Read House on Fire Page 23

Chapter 22

  I couldn’t eat my breakfast. My intestines writhed like a bag of snakes.

  Dad saw that I was in distress, but of course I couldn’t tell him what was wrong. I insisted that I was fine, just a nightmare. He didn’t buy it, not for a second, and instead of going to school he took me to the emergency room. I told them I was fine, too, and of course they found nothing wrong.

  After that, they brought a therapist to talk to me. She was clever and persistent, and started asking about how I felt about Jessie.
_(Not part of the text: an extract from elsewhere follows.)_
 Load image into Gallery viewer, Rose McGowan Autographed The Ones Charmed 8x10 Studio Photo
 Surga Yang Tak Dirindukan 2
That worried me, so I told her how devastated I was by the fire and losing Mom. It was true; it hadn’t even been a year. I concentrated on losing Jessie to make myself cry. It was genuine, and she didn’t dig further.

  She asked if I ever felt like hurting or killing myself. The obvious, if dishonest answer was no. There was no point in talking about it. As attractive as the idea was, it just wasn’t an option.

  My misdirection worked. I could hear her talking to Dad in the hallway.

  “I think that your son is having a delayed grief response,” she told him.

  Dad sighed heavily. “The fire and the loss of his mom were really traumatic for him. I can’t even imagine what he went through. I’m not surprised that he’s still struggling with it. He has really bad nightmares still.”

  “You should watch for signs of depression.”

  He sighed. “I know exactly what to look for. I have to fight that every day.”

  “Are you getting help for it?”

  “Yeah, but some days it’s still hard to get out of bed. If it wasn’t for my kids I’d probably just give up.”

 

  I couldn’t tell if Jessie was playing her part, or really was going insane. She became withdrawn, sullen, and moody. I tried to talk to her in private, when Dad wasn’t home, but she shut me out.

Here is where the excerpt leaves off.